Big media isn’t so big anymore. The more popular QAnon programs out there draw bigger numbers than CNN primetime, I’m sure.
So I don’t know what Darcy means when he says the media should be “messaging toward” the average American more, unless he means that major outlets like CNN and the Times should view COVID restrictions more skeptically. Which is hard to imagine; again, reporters culturally are part of the “safety first” niche. They’d have to start counterprogramming their own social instincts. And even if they did, it’s not as if CryingEaglePatriot viewers are about to start watching Brian Stelter’s show because they’ve heard CNN has softened on reopening schools.
To put it another way, the COVID divide between big media and the general public is just a symptom of the wider class-cultural divide between the two. If you’re “out of touch” generally, getting right on a discrete topic won’t make you “in touch.”
Democratic politicians would back Darcy’s advice here, though. Not because they care about CNN’s numbers but because they care about their own, and those numbers have begun to suffer due to excessive “safety first” logic in certain influential quarters.
Because they have close ties to the unions, Democrats are concerned that additional closures like those in Chicago could lead to a possible replay of the party’s recent loss in Virginia’s governor race. Polling showed that school disruptions were an important issue for swing voters who broke Republican — particularly suburban white women.
“It’s a big deal in most state polling we do,” said Brian Stryker, a partner at the polling firm ALG Research whose work in Virginia indicated that school closures hurt Democrats.
“Anyone who thinks this is a political problem that stops at the Chicago city line is kidding themselves,” added Mr.
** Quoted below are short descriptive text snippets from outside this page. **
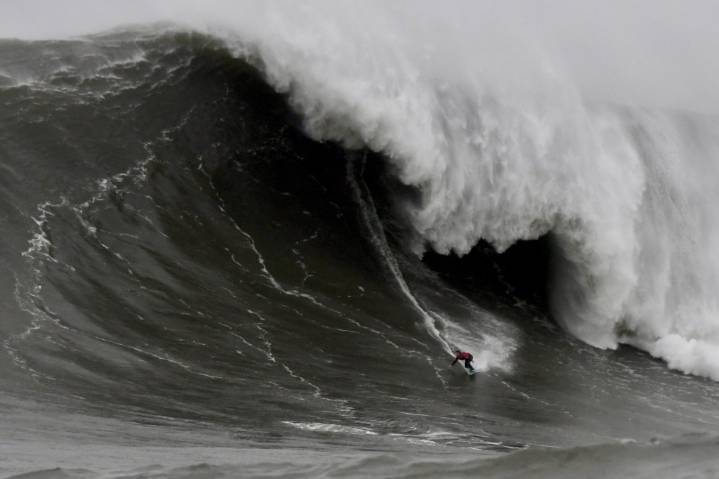 Santa Cruz surfers Alo Slebir, Wilem Banks earn wins at 25th annual Big Wave Challenge Awards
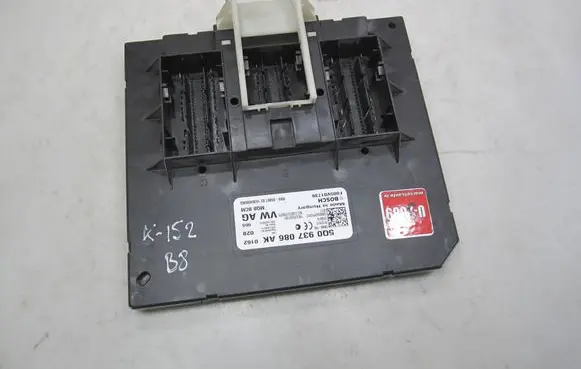 Volkswagen PASSAT B8 Comfort/convenience module 5Q0937086AK F005V01739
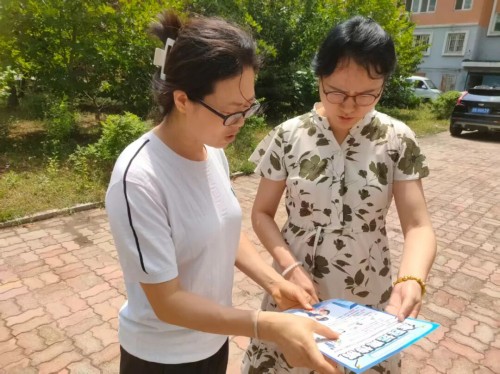 山东生产里社区开展反诈防传专项宣传活动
Stryker, whose firm polled for President Biden’s 2020 campaign. “This is going to resonate all across Illinois, across the country.”…
Jim Hobart, a partner at Public Opinion Strategies, a polling firm that counts several Republican senators and governors as clients, said the school closure issue created two advantages for G.O.P. candidates. It has helped narrow their margins among a demographic they’ve traditionally struggled with — white women between their mid-20s and mid-50s — and it has generally undermined Democrats’ claims to competence.
Making the case that being in class isn’t dangerous for kids might not get CNN any new red-state viewers but it could soften up opposition to in-person instruction among center-left parents who are still cautious. If so, that would put pressure on the unions to cave. And the unions caving would be good for Democrats’ long-term political health.
A media that wanted to be “in touch” with the average American on COVID would probably stop covering the pandemic altogether. The country is sick with Omicron, exasperated at not being able to get tested, and tired of isolating to avoid a virus that now seems unavoidable and no longer dangerous if you’ve had your shots. They’re moving on.